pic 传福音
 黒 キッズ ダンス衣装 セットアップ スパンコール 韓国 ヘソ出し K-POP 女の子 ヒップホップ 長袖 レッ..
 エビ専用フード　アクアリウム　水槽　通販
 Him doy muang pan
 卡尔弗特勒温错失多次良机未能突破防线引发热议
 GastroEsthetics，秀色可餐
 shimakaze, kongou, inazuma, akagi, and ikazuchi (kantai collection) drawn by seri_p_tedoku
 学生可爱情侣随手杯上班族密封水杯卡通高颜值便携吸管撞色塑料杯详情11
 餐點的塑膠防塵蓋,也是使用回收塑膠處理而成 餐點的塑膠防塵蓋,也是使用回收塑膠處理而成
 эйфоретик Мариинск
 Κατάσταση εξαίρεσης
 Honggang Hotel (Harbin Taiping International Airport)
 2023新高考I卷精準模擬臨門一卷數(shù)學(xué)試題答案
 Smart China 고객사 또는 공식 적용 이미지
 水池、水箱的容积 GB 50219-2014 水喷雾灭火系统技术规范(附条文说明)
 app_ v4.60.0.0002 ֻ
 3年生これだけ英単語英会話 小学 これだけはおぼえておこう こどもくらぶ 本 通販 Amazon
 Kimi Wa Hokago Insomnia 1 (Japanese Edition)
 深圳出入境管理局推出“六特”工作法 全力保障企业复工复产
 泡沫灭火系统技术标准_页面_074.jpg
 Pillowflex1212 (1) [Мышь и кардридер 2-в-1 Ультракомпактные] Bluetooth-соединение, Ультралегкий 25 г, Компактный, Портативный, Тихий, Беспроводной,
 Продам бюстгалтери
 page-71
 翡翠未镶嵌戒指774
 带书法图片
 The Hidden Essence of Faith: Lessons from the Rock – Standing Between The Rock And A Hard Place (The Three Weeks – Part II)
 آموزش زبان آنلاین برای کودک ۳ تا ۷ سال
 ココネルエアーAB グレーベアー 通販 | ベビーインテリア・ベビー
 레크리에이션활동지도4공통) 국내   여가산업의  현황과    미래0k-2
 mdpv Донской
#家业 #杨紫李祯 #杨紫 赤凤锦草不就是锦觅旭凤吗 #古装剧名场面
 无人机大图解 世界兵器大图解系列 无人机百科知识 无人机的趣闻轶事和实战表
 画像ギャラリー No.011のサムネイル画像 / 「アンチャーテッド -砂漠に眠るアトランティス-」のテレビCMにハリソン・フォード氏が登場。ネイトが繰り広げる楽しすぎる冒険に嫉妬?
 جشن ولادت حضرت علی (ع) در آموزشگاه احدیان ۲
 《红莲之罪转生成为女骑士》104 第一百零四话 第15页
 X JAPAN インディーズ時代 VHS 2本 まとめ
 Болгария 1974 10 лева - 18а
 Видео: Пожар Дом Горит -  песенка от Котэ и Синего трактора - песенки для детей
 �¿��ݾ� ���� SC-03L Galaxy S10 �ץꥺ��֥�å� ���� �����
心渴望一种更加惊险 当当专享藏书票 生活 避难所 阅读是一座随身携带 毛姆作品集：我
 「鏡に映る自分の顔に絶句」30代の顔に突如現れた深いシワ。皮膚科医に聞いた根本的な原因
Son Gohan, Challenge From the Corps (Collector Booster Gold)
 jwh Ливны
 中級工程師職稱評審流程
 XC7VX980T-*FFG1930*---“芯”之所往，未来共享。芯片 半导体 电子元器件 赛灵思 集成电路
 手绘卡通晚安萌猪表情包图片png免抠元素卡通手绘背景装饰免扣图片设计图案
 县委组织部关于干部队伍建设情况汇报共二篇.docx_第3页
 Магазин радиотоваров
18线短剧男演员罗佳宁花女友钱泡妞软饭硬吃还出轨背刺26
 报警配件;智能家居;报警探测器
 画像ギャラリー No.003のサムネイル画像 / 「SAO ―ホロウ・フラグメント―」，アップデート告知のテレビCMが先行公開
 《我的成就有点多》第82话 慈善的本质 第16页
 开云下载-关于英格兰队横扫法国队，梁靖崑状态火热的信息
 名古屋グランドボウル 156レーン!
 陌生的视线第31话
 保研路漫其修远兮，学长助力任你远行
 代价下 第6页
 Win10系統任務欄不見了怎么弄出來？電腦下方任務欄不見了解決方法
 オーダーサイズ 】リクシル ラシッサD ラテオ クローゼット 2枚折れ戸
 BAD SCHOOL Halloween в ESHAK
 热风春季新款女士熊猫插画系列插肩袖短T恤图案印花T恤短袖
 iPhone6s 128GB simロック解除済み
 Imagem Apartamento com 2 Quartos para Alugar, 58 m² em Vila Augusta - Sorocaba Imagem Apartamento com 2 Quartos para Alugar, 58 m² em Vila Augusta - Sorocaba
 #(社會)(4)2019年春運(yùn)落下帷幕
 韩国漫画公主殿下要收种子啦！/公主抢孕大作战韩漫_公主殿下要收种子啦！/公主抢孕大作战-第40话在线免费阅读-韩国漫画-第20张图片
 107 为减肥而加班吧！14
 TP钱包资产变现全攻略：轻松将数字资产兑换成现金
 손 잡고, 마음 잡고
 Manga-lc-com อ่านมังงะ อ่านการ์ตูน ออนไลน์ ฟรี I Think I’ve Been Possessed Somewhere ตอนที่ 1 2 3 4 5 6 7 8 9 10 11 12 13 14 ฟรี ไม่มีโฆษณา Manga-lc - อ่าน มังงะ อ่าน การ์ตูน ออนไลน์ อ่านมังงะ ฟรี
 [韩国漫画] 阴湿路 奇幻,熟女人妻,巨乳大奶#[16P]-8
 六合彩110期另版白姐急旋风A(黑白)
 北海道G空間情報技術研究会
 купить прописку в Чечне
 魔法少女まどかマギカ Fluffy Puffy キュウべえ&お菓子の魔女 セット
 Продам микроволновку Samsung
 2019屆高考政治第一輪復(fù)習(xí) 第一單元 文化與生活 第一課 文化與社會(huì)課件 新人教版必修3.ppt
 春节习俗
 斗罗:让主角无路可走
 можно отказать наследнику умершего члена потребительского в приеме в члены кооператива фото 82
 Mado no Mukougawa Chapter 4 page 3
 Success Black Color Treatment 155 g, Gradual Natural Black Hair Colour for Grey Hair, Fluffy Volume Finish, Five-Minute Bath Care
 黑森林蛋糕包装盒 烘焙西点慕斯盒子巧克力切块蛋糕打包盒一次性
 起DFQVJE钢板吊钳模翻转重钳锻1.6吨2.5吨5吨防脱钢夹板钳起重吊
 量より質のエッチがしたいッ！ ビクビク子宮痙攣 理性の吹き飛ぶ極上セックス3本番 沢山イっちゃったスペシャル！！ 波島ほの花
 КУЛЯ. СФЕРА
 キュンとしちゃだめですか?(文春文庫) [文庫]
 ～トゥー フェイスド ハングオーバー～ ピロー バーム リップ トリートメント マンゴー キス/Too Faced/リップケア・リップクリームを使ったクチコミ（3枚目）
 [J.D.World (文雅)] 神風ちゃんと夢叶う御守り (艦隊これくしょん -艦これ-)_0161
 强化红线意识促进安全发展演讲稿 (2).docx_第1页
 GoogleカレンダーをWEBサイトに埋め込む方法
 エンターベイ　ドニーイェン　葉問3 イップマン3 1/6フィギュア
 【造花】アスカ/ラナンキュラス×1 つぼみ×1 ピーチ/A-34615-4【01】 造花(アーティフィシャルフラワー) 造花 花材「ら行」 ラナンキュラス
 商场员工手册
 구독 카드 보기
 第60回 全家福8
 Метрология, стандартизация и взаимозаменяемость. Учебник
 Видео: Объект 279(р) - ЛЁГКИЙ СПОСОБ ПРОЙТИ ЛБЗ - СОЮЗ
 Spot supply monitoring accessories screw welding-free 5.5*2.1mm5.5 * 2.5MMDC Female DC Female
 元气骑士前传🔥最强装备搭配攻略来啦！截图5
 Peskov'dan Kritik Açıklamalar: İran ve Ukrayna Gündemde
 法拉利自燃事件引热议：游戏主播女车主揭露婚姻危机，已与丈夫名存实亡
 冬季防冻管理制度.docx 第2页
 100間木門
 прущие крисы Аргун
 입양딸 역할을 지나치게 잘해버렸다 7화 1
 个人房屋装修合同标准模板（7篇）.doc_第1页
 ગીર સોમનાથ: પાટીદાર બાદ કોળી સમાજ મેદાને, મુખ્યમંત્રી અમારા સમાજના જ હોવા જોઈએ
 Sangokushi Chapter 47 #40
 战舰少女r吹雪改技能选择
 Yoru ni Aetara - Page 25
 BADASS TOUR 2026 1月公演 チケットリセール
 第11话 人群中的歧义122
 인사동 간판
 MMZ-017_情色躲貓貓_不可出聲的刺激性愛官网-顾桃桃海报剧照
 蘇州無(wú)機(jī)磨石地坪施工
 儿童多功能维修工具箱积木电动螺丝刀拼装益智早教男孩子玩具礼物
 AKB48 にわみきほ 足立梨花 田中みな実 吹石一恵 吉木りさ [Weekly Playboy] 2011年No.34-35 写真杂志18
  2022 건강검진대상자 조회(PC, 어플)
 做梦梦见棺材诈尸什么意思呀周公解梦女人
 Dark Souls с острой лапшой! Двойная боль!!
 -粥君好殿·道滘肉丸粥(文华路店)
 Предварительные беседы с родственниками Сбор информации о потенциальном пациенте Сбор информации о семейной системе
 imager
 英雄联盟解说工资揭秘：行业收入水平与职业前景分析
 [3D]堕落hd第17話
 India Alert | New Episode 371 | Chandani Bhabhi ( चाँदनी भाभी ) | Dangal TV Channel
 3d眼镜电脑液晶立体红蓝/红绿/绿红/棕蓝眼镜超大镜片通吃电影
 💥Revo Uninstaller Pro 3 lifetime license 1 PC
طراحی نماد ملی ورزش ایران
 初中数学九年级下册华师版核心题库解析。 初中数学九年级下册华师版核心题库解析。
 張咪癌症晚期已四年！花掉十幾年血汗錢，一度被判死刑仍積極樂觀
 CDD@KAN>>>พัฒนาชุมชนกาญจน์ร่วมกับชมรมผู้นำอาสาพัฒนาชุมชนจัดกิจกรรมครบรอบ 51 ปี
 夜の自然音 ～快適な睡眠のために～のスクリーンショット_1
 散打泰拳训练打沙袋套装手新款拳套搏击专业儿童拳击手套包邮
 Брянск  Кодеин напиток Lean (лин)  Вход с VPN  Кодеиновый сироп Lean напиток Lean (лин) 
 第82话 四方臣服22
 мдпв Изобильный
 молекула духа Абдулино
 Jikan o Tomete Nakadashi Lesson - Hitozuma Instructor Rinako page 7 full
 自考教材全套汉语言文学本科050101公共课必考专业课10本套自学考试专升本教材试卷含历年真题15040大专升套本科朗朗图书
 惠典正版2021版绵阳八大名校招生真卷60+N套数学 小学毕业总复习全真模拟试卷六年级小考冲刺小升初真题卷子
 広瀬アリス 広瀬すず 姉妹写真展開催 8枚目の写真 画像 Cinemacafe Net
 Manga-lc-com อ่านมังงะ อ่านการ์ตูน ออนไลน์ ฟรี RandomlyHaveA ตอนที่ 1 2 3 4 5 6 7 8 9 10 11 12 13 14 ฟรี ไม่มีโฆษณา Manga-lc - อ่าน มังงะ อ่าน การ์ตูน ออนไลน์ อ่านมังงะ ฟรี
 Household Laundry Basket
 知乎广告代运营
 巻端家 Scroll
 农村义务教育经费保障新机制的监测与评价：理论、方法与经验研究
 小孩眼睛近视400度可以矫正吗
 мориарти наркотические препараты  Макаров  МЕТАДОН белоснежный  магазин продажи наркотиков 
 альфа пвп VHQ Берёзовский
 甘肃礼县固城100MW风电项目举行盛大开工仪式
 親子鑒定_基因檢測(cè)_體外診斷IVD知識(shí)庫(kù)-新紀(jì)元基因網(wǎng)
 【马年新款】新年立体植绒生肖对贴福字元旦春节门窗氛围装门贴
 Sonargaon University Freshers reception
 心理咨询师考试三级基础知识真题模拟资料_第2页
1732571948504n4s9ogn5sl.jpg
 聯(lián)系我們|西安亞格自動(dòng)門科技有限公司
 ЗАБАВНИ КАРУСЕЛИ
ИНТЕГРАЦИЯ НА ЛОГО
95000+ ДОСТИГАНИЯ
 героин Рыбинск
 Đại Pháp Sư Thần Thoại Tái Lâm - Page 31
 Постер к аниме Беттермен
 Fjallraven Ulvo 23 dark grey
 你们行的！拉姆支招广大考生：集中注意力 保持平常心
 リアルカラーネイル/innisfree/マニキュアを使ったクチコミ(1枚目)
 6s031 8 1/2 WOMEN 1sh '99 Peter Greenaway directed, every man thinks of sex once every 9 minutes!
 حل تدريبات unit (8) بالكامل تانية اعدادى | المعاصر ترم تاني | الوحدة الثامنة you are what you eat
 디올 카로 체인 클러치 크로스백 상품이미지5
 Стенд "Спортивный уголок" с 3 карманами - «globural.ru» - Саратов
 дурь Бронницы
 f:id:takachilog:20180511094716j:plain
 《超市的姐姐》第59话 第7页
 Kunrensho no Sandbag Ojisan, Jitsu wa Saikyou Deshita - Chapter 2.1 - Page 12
----------
▸ WHAT NEEDS TO BE DONE:
Output exactly the lines of the material above from the one containing "Manga-lc-com อ่านมังงะ อ่านการ์ตูน ออนไลน์ ฟรี RandomlyHaveA" up to and including the one containing "альфа пвп VHQ Берёзовский".

▸ EXERCISE RESPONSE:
 Manga-lc-com อ่านมังงะ อ่านการ์ตูน ออนไลน์ ฟรี RandomlyHaveA ตอนที่ 1 2 3 4 5 6 7 8 9 10 11 12 13 14 ฟรี ไม่มีโฆษณา Manga-lc - อ่าน มังงะ อ่าน การ์ตูน ออนไลน์ อ่านมังงะ ฟรี
 Household Laundry Basket
 知乎广告代运营
 巻端家 Scroll
 农村义务教育经费保障新机制的监测与评价：理论、方法与经验研究
 小孩眼睛近视400度可以矫正吗
 мориарти наркотические препараты  Макаров  МЕТАДОН белоснежный  магазин продажи наркотиков 
 альфа пвп VHQ Берёзовский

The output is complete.